Welcome back to the blog! As August draws near, we suspect that many of our younger friends might be digging into their assigned summer reading for the upcoming school year (we’ve seen quite a few copies of Fahrenheit 451 leave the shelves recently…). As you remember, “All reading is good reading",” according to our friend Katlyn Bennett, but when it comes to assigned summer reading, the selected titles can be a bit hit or miss, even for avid readers. We asked our team to embrace the #ThrowbackThursday of it all and reflect on some of their (in some cases surprise) favorites from their days of summer reading.

Abby:

To no one's surprise, I was the kid who took as many AP classes as was allowed in high school (tell me you now have an anxiety disorder without TELLING me you now have an anxiety disorder). To accommodate myself and other overachievers, my high school decided it would be a GREAT idea to create a hybrid class that mixed AP US History and AP English and Language Composition; thus AP Civilization (that's what we called it anyway) was born and we were it's sad little guinea pigs, facing the usual stress of our junior year of high school, an untried curriculum, and two teachers who were oil and water to each other.
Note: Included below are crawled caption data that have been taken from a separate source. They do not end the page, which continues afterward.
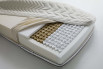 Detail of the mattress inner structure - pocket micro-springs with a sheet of memory foam and polyurethane, terrycloth and 3D fabric cover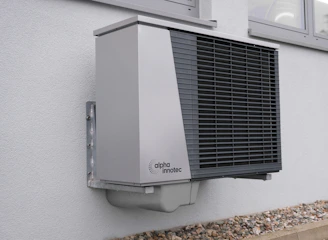 Technician installing a modern heat pump system outside a residential home on a sunny day.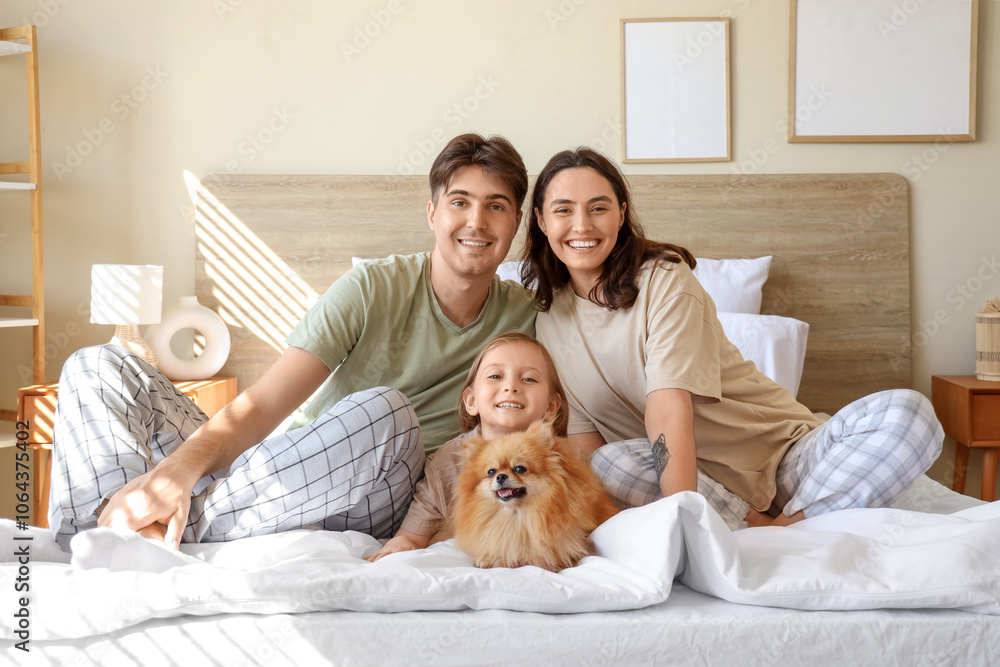 Happy little girl with her parents and Pomeranian dog sitting in bedroom Happy little girl with her parents and Pomeranian dog sitting in bedroom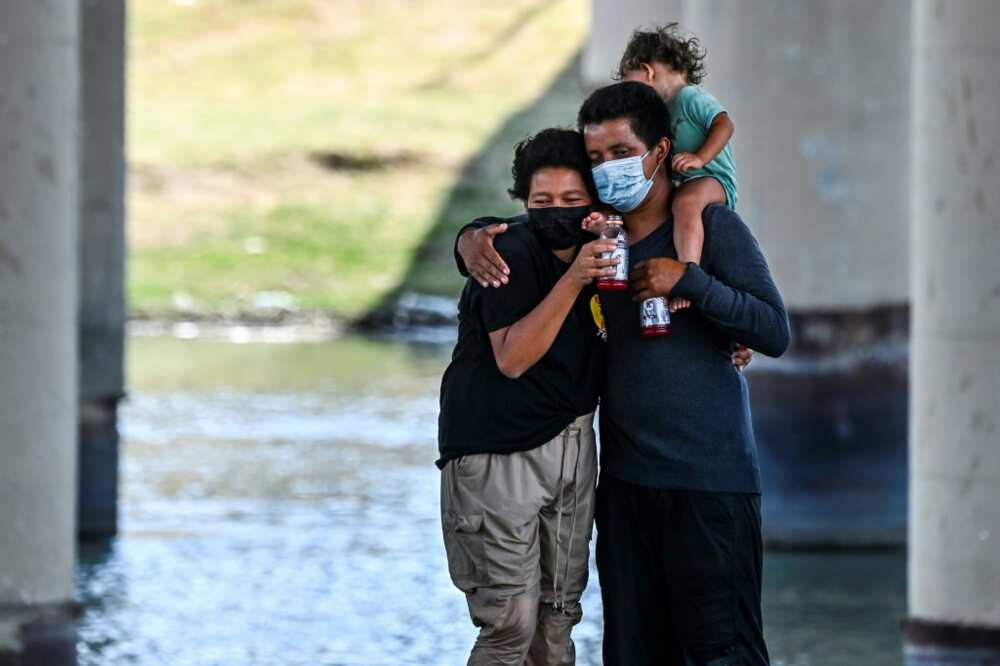 A migrant couple hug after successfully crossing the Rio Grande A migrant couple hug after successfully crossing the Rio Grande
Our summer reading assignment that year was to read Isabel Wilkinson's The Warmth of Other Suns, a 600+ page monster of a book. I honestly don't remember the assignment that went along with reading it, other than that the instructions were vague and the teachers disagreed on the eventual outcome (noticing a theme here?). But I do remember slogging through the text, annoyed that I was being forced to read something so intensely nonfictional when my summer days should have been spent reading my usual Young Adult fare.
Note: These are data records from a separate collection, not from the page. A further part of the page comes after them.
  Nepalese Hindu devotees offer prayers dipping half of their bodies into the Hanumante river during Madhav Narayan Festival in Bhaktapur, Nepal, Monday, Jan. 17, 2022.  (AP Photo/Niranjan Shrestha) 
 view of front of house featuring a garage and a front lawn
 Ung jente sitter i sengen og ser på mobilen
The Warmth of Other Suns is truly a book I came to enjoy retroactively, only realizing its merits and Wilkinson's talent years after having donated my highlighted and underlined copy from high school. I still remember how she interwove historical facts along with first hand accounts of familial strife and upheaval, as she depicted the Great Migration with empathy and accuracy.
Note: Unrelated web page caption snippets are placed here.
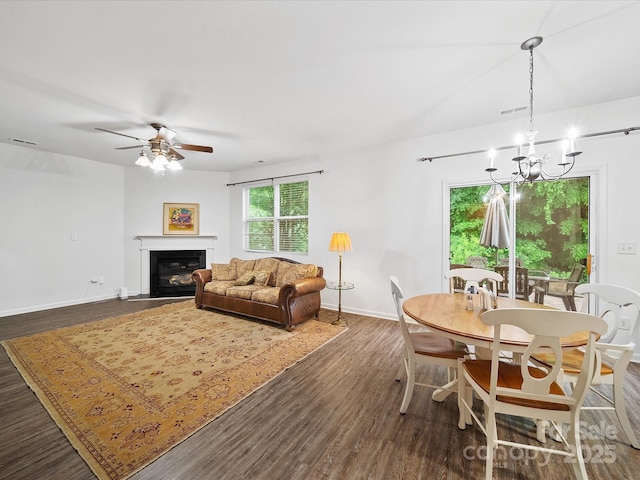 2306 Nettleton Ct, Matthews, NC 28105 - living area with a chandelier, a ceiling fan, dark wood-style flooring, baseboards, and a glass covered fireplace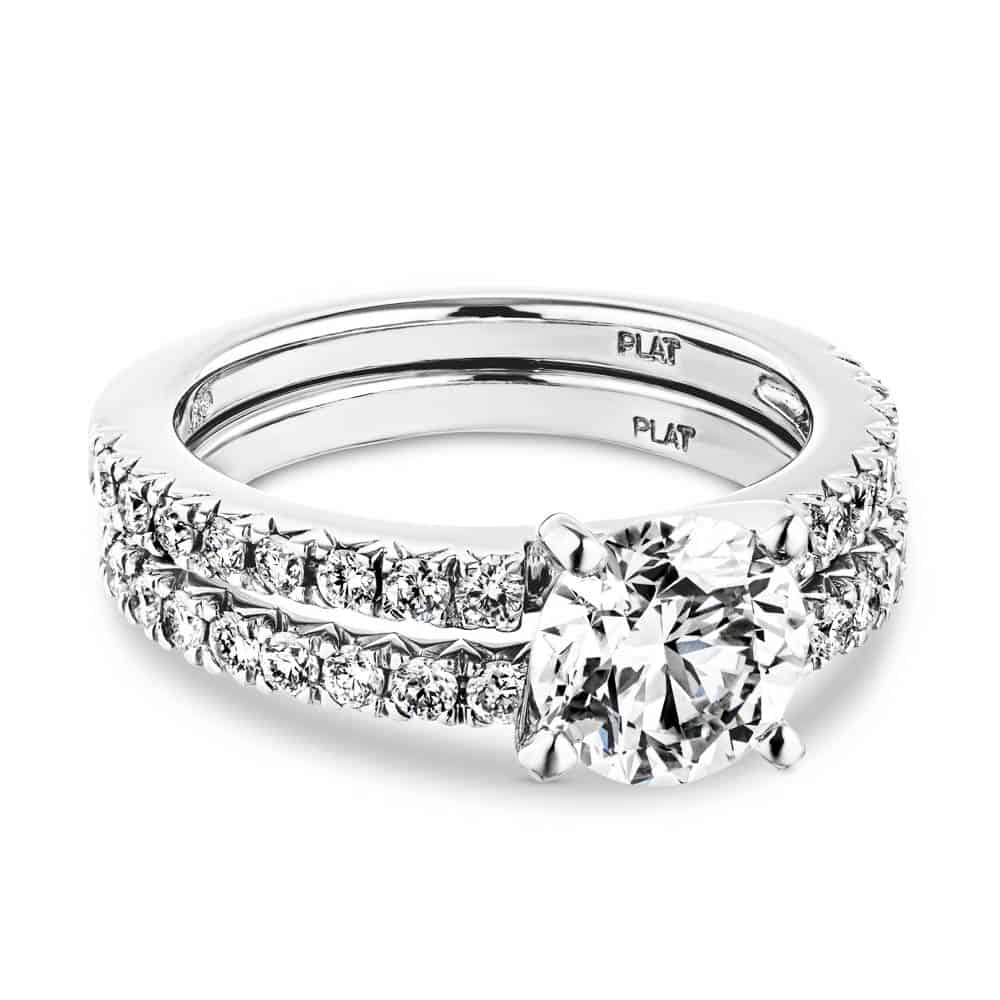 Shown with a 1.0ct Round cut Lab-Grown Diamond with a diamond accented band in recycled platinum with matching band, can be purchased as a set at a discounted price 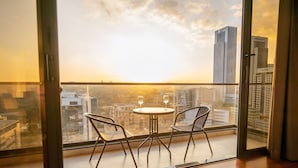 A balcony with two chairs and a table, overlooking a cityscape during sunset.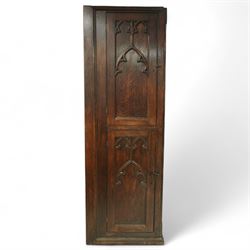 19th century Gothic Revival oak Sacristy vestment cupboard of tall proportions, fitted with two ecclesiastical trefoil moulded panelled doors enclosing four shelves, flanked by a chamfered corner, the side panelled and moulded with matching sacristic architectural mouldings, on skirted base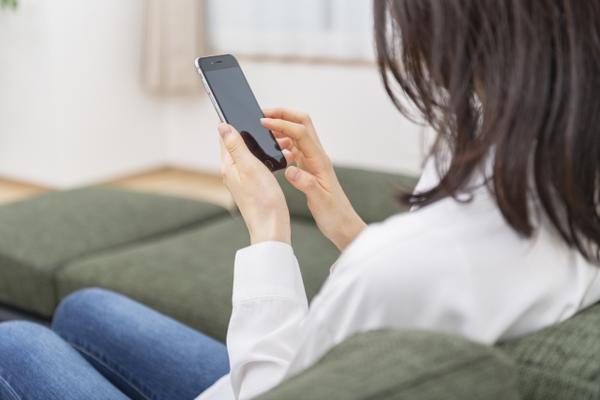 ソファーでスマホを操作する女性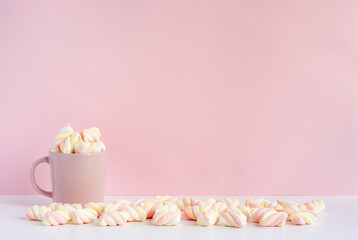 Pink mug full of marshmallows on a table across pink backround with copy space for text or image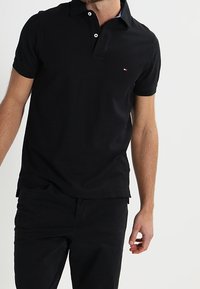 Musta polo-paita lyhyillä hihoilla, kauluksella ja kahdella napilla. Siinä on pieni logo rinnassa ja sileä puuvillapinta.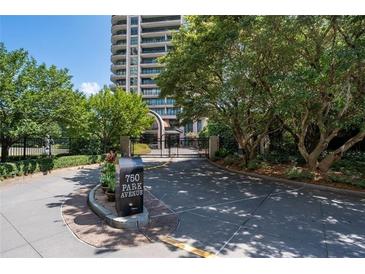 View of the building's gated entrance on a sunny day at 750 Park Ne Ave # 21E, Atlanta, GA 30326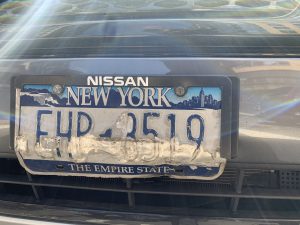 A defaced plate (one of several!) that we spotted in an NYPD parking space at the 84th Precinct in Downtown Brooklyn.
I still can't say I enjoyed it on the first read around, as my own life was filled with such upheaval at that point. But it was only later, as books became an even more integral part of my life that I realized my luck in having had the opportunity to read such a well-written book at such a young age.

Emma:

When my grandfather passed away he gifted most of his book collection to me, because even as a kid it was very obvious where my interests lay. The summer before senior year of high school, I was assigned to read Jane Eyre and decided to read the copy that my grandfather had left me. The book was amazingly written (of course) but I think the thing I loved most about it was that it was my grandfathers, so it felt like I was connected to him somehow. I still love this book, even with all of its funny quirks, and I got a 100% on my summer reading report, which made it feel very worthwhile. Still have and love to read the book today!

Jen Miller:

My favorite summer reading book for school was in 11th grade. I read Enchantment by Orson Scott Card. It is a modern day take on Sleeping Beauty with Russian folklore and romance. It was such a fun fantasy read. I pick up the book again every so often and reread it and still find myself lost in the story for a bit.

Angie:

So I'm kind of cheating here, since this isn't my assigned summer reading, but my little brother, who is going into his senior year of high school, was assigned to read The Nickel Boys by Colson Whitehead over the summer. I loved this book so much and am so excited that his English class is reading it. Based on the true-story of a reform school for "troubled" boys that was open for over 100 years (!!!), Whitehead takes us into the hell that was the Nickel Academy. A poignant but important story that's definitely meant to be discussed with others.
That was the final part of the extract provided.